Segment Start: Dataset extract

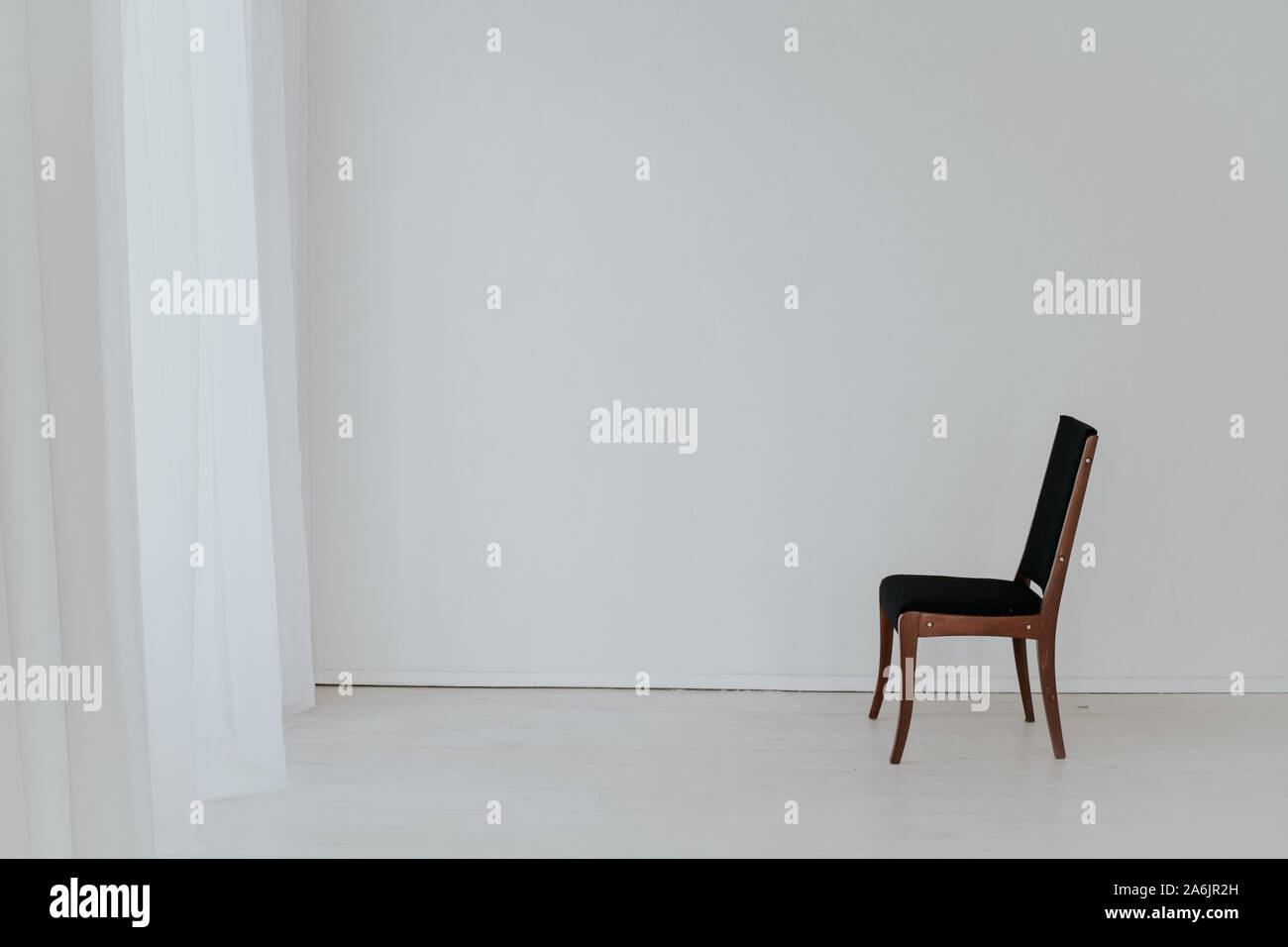 one black vintage chair in an empty white room Stock Photo - Alamy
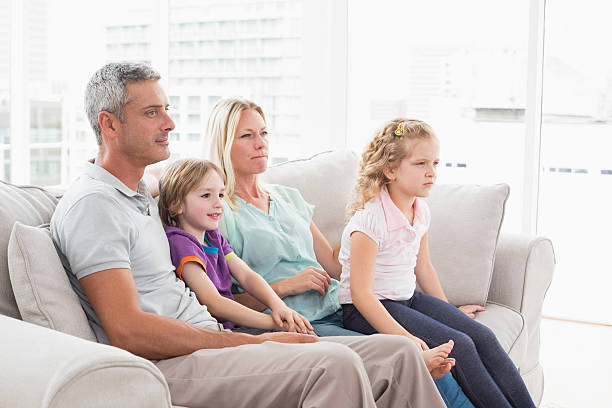 istock Family watching TV while sitting on sofa 479233732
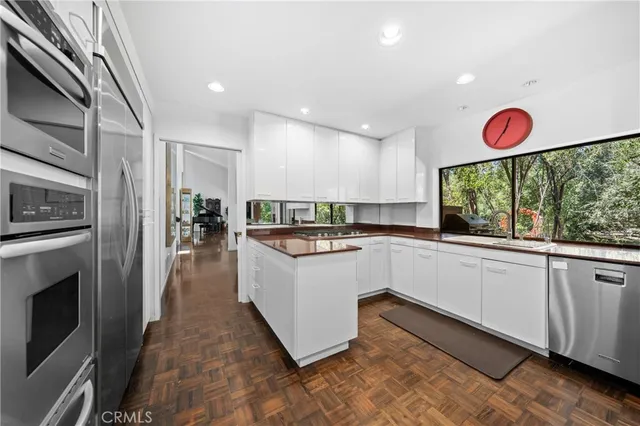 a kitchen with stainless steel appliances granite countertop a refrigerator and a sink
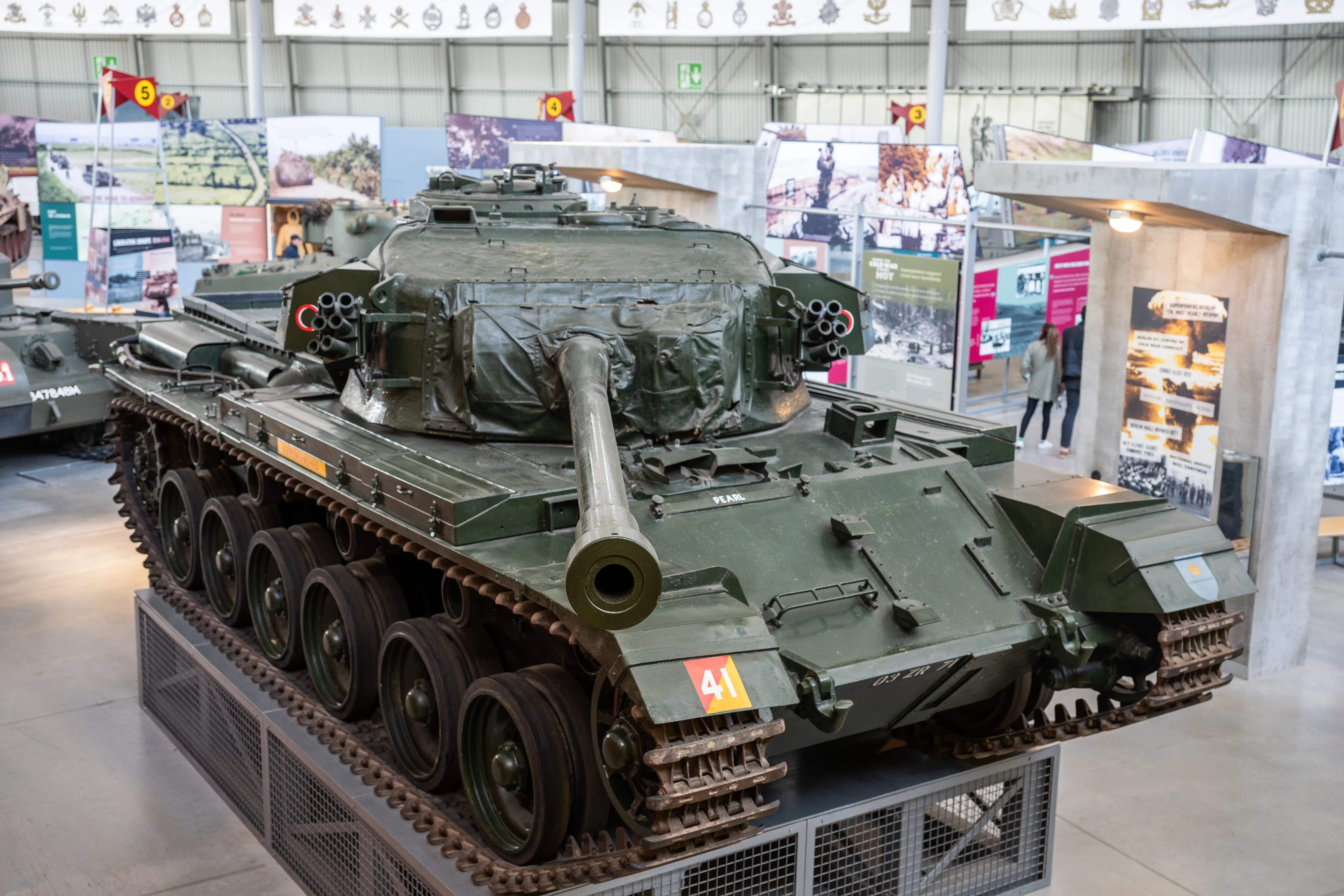 The image depicts a military tank displayed in a museum setting. The tank is painted in a green camouflage pattern and features a large cannon mounted on its turret. The surroundings include various informational displays and banners, suggesting an exhibition focused on military history or armored vehicles. The tank is positioned on a raised platform with protective barriers around it, indicating it is a significant exhibit. The overall scene suggests an educational environment aimed at showcasing historical military equipment.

Segment End: Dataset extract

● Requirement
The whole of the data needs to be copied word for word, though not its pictures.

● Exercise solution
 one black vintage chair in an empty white room Stock Photo - Alamy
 istock Family watching TV while sitting on sofa 479233732
 a kitchen with stainless steel appliances granite countertop a refrigerator and a sink
 The image depicts a military tank displayed in a museum setting. The tank is painted in a green camouflage pattern and features a large cannon mounted on its turret. The surroundings include various informational displays and banners, suggesting an exhibition focused on military history or armored vehicles. The tank is positioned on a raised platform with protective barriers around it, indicating it is a significant exhibit. The overall scene suggests an educational environment aimed at showcasing historical military equipment.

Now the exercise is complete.